All lines from the one containing "extra High-Capacity (SV031A)" to the end of the entries below should be output exactly as they appear. No other lines should be output.

** Opening RECORDS block **

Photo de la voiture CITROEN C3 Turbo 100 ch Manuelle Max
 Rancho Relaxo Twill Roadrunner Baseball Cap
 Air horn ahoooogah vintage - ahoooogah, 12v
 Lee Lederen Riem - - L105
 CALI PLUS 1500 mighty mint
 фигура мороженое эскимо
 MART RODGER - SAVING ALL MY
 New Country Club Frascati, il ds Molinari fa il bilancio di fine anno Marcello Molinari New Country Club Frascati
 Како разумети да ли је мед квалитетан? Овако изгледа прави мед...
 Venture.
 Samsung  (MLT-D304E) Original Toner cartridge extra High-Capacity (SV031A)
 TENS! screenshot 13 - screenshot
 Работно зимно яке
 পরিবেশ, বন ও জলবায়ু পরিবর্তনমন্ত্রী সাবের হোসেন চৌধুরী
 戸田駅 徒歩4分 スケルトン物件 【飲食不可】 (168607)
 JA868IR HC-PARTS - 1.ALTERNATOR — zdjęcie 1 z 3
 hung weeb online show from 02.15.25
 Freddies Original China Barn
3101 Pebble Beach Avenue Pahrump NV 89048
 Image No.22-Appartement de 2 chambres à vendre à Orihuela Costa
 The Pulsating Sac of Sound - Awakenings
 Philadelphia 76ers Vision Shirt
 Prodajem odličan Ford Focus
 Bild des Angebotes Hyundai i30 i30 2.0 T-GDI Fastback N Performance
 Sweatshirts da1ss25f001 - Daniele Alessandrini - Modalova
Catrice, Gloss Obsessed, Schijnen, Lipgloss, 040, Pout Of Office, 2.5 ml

** Closing RECORDS block **

**SOLUTION FOR THIS PROBLEM:**
 Samsung  (MLT-D304E) Original Toner cartridge extra High-Capacity (SV031A)
 TENS! screenshot 13 - screenshot
 Работно зимно яке
 পরিবেশ, বন ও জলবায়ু পরিবর্তনমন্ত্রী সাবের হোসেন চৌধুরী
 戸田駅 徒歩4分 スケルトン物件 【飲食不可】 (168607)
 JA868IR HC-PARTS - 1.ALTERNATOR — zdjęcie 1 z 3
 hung weeb online show from 02.15.25
 Freddies Original China Barn
3101 Pebble Beach Avenue Pahrump NV 89048
 Image No.22-Appartement de 2 chambres à vendre à Orihuela Costa
 The Pulsating Sac of Sound - Awakenings
 Philadelphia 76ers Vision Shirt
 Prodajem odličan Ford Focus
 Bild des Angebotes Hyundai i30 i30 2.0 T-GDI Fastback N Performance
 Sweatshirts da1ss25f001 - Daniele Alessandrini - Modalova
Catrice, Gloss Obsessed, Schijnen, Lipgloss, 040, Pout Of Office, 2.5 ml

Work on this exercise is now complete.